Dutch power grid struggling under influx of solar panels: report

Solar panel installation
Solar panel installation. (Photo: elenathewise/DepositPhotos)

In some areas in the Netherlands the power grid is struggling to cope with the large number of new solar panels installed over the past few years, various Dutch newspapers report.

According to the Telegraaf, there is talk of "traffic jams" on the grid. In parts of Groningen, Drenthe and Overijssel, network operators Enexis and Tennet have to say "no" to the initiators of new large-scale projects, the Volkskrant and Financieele Dagblad report. According to FD, a lack of power cables is even standing in the way of the switch to green energy.

These problems don't affect individuals much, as they can't be refused if they apply to install solar panels on their home.
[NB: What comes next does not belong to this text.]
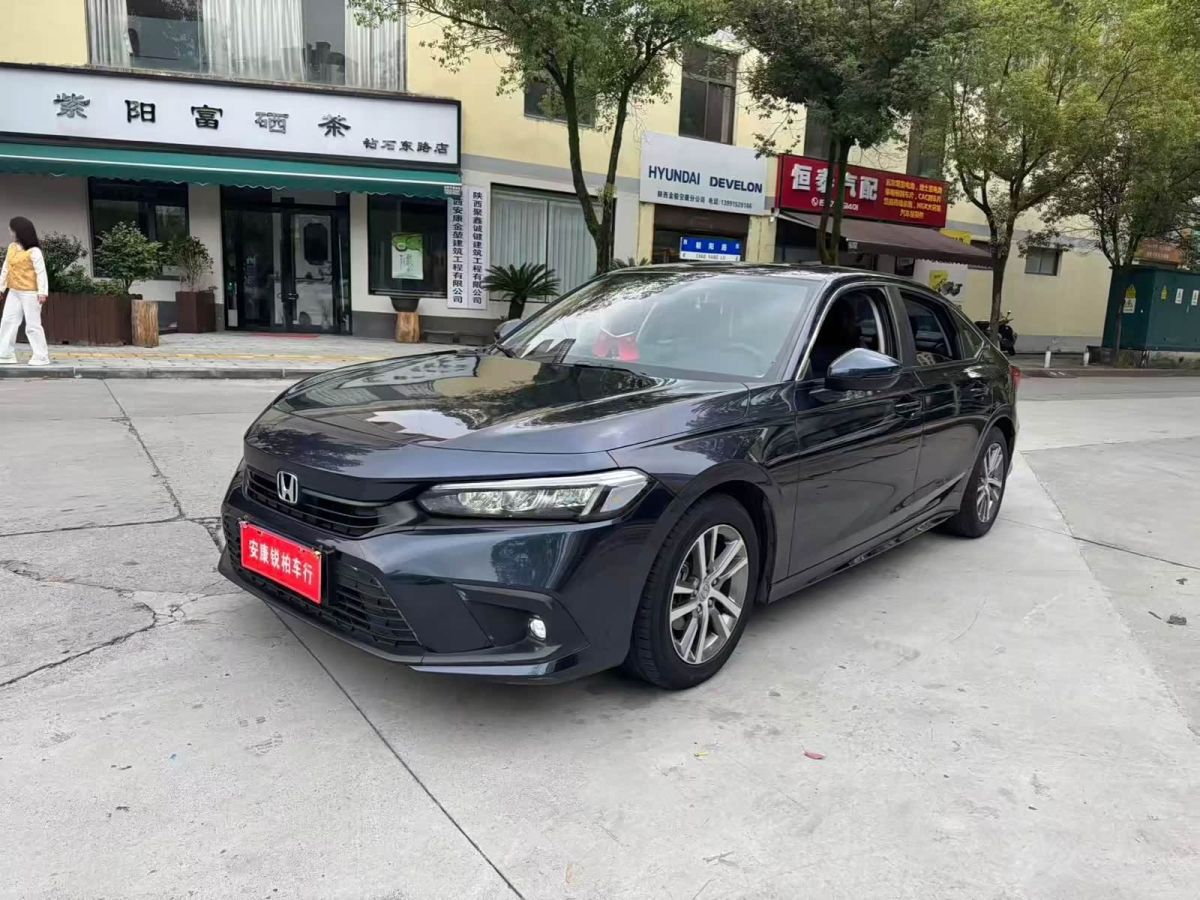 Honda Civic, 2022 г., синий, 46 000 км Honda Civic, 2022 г., синий, 46 000 км
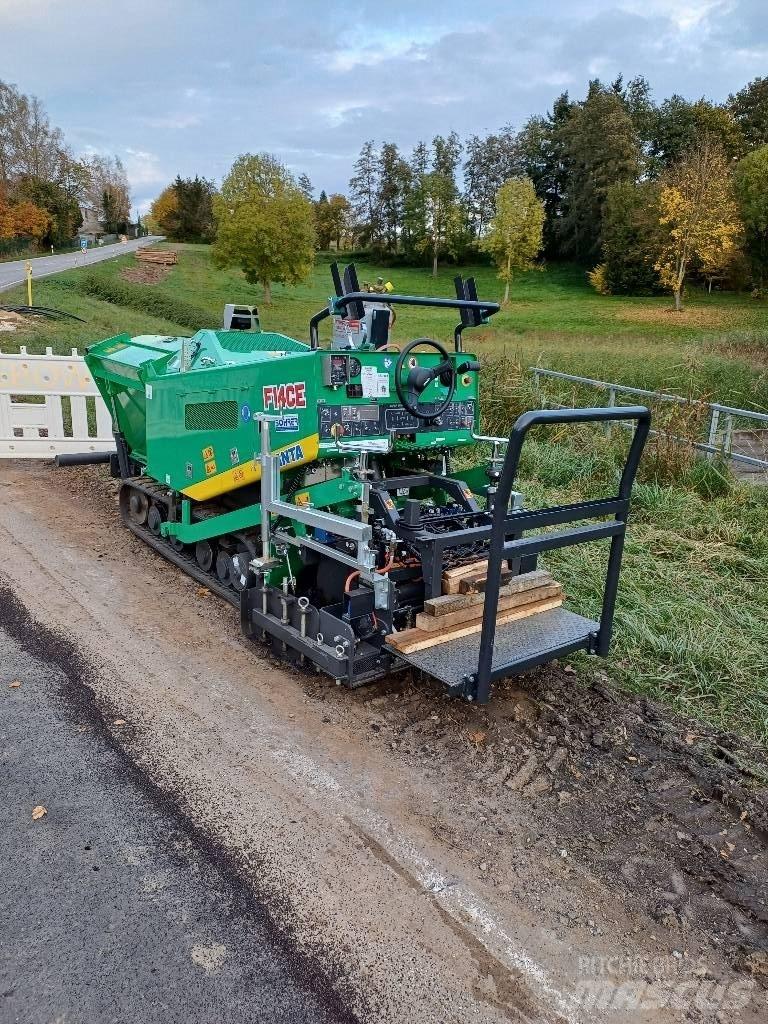 Hanta F14CE-5 Asfaltafwerkmachines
But large-scale consumers and suppliers can be told no, which means that the dreams of investors who want to build solar parks on farmland and the green ambitions of football clubs are being shattered, the newspapers write. 

The north and east of the country in particular are facing problems, because the land there is the cheapest and so desirable for investors, but these areas have the thinnest cables in the ground. 

"Our electricity grid is not built for what we expect now", a spokesperson for network operator Liander said, according to RTL Nieuws. Expanding the grid capacity to make room for solar power will take years and cost billions of euros.